§ Exercise:
Using the data beneath this instruction, retype only the lines from the one that contains "Postel nebo postele" down to the one that contains "Spacious walk-in closet", both included, exactly as they appear.

§ Supplied material:
= = =
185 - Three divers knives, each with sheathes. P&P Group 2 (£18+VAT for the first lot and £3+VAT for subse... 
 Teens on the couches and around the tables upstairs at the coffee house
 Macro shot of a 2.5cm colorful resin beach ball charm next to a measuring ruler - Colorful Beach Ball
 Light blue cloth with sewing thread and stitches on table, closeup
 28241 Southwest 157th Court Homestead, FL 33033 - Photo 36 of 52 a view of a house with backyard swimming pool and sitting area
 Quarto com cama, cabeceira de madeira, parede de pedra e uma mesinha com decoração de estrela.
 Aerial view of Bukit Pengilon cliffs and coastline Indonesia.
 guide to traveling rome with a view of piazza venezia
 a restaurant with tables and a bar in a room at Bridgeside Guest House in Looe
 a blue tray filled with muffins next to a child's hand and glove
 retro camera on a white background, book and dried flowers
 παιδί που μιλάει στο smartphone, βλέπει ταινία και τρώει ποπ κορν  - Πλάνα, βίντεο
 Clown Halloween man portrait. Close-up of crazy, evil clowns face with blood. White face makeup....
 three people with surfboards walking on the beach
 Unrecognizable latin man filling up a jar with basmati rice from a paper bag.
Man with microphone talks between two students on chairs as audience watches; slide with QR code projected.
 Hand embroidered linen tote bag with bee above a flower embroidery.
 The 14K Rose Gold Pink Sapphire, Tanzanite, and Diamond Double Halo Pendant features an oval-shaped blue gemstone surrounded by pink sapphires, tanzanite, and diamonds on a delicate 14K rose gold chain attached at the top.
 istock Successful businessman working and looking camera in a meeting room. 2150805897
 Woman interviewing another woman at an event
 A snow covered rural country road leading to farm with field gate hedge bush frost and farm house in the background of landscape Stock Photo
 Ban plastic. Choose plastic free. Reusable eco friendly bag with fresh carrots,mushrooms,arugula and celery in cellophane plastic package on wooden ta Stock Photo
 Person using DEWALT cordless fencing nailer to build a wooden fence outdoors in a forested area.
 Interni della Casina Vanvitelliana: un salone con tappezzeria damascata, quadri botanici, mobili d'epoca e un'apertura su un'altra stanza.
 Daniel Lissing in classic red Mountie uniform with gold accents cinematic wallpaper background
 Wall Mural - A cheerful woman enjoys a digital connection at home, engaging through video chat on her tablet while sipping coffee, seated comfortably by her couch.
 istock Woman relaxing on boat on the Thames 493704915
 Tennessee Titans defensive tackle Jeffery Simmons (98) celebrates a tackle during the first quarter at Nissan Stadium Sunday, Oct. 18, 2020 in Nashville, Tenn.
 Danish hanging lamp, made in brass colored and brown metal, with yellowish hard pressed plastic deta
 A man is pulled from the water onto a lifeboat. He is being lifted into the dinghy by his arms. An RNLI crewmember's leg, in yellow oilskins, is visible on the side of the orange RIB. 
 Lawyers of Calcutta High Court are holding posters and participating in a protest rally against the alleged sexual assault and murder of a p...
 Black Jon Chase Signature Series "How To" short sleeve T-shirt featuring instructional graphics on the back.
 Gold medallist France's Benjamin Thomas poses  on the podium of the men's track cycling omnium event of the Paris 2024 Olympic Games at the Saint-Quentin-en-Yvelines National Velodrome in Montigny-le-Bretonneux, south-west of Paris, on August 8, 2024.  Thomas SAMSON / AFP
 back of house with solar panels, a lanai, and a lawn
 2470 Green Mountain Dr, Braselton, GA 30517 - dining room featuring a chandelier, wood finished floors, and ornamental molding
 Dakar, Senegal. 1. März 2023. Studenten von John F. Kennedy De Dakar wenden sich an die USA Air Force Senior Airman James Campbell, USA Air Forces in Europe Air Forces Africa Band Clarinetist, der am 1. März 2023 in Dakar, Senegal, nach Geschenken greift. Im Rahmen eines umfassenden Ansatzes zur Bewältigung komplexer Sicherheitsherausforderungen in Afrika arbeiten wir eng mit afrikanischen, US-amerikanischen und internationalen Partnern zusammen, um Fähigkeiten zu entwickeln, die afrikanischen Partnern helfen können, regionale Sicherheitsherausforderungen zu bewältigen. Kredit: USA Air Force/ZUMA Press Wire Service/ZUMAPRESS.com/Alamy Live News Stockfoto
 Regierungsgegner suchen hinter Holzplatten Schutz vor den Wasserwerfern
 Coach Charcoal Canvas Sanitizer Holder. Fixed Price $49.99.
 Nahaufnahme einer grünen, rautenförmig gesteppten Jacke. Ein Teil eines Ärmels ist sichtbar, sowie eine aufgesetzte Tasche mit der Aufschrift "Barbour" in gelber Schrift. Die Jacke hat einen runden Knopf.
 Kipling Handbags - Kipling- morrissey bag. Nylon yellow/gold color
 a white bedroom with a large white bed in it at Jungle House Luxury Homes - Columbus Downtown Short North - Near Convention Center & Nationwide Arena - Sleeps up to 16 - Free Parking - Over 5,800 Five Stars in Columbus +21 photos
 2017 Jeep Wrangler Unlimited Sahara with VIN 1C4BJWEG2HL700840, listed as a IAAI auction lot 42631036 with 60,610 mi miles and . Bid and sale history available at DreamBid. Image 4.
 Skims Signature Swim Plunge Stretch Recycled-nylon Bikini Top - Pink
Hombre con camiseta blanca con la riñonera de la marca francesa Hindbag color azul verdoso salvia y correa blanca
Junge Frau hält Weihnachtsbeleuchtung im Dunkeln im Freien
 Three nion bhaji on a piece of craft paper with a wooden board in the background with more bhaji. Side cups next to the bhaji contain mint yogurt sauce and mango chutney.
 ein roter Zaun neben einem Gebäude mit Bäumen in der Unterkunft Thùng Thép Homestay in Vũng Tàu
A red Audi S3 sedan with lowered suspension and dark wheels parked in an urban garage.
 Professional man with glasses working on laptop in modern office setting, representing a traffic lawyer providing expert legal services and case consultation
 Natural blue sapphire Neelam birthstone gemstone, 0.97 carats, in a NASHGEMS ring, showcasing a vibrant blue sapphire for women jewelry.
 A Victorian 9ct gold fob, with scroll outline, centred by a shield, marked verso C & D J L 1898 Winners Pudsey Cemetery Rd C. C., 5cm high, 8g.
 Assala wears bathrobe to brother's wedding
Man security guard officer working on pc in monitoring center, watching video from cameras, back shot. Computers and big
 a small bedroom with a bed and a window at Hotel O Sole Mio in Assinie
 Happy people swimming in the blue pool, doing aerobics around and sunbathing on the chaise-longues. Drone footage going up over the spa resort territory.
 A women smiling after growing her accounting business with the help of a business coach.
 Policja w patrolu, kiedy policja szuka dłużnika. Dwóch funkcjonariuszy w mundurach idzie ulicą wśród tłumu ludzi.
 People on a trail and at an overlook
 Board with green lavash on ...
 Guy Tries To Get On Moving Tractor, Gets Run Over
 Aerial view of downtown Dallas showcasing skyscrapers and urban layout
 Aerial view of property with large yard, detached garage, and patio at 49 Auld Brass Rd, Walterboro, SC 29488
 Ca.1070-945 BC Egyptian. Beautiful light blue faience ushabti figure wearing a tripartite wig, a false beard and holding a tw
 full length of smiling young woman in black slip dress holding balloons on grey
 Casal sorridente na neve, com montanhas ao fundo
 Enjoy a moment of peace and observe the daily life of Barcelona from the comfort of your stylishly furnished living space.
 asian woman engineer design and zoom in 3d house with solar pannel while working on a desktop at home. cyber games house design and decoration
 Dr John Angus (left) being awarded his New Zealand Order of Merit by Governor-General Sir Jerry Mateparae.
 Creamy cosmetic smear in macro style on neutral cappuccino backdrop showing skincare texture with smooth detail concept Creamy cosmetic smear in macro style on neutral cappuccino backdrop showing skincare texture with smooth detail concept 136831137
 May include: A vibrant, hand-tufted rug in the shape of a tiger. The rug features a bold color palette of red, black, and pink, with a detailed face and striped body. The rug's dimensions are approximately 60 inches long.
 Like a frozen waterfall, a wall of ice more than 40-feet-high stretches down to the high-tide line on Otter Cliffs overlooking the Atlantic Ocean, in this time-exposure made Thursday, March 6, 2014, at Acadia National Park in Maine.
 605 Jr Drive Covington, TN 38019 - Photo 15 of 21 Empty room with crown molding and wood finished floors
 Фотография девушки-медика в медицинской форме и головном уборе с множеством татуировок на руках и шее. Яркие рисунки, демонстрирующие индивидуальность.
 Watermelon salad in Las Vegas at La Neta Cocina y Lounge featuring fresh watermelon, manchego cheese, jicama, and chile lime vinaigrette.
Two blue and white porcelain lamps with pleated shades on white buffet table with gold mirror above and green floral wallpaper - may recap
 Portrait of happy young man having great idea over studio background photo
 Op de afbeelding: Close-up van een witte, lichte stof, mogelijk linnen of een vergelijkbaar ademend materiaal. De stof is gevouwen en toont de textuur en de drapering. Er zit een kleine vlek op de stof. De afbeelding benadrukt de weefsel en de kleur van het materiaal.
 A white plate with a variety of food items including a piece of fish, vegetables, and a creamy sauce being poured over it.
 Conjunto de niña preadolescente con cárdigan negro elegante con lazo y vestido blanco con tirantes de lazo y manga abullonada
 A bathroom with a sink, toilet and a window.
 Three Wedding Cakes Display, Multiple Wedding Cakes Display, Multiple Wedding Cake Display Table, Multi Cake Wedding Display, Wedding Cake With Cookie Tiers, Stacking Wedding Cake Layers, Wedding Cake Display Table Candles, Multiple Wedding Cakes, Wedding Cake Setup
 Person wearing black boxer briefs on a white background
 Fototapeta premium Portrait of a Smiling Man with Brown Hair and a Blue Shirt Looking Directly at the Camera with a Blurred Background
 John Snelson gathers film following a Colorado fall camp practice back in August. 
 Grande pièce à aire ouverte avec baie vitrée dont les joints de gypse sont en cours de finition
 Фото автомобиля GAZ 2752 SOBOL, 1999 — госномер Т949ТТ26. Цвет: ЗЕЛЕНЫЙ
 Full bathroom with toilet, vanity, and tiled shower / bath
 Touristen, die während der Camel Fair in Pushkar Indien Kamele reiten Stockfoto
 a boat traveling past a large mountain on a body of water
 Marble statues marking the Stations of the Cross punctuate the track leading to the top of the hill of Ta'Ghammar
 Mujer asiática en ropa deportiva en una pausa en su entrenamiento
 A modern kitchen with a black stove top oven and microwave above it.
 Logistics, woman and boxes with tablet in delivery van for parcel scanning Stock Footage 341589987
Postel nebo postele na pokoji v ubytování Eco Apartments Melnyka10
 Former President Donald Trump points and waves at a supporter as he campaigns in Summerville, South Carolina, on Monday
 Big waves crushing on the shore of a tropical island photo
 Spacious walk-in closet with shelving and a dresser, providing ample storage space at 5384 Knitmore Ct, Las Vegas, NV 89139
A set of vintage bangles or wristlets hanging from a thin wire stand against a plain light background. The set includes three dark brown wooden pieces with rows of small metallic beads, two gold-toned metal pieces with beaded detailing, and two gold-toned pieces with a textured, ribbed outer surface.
= = =
§ Completed task:
Postel nebo postele na pokoji v ubytování Eco Apartments Melnyka10
 Former President Donald Trump points and waves at a supporter as he campaigns in Summerville, South Carolina, on Monday
 Big waves crushing on the shore of a tropical island photo
 Spacious walk-in closet with shelving and a dresser, providing ample storage space at 5384 Knitmore Ct, Las Vegas, NV 89139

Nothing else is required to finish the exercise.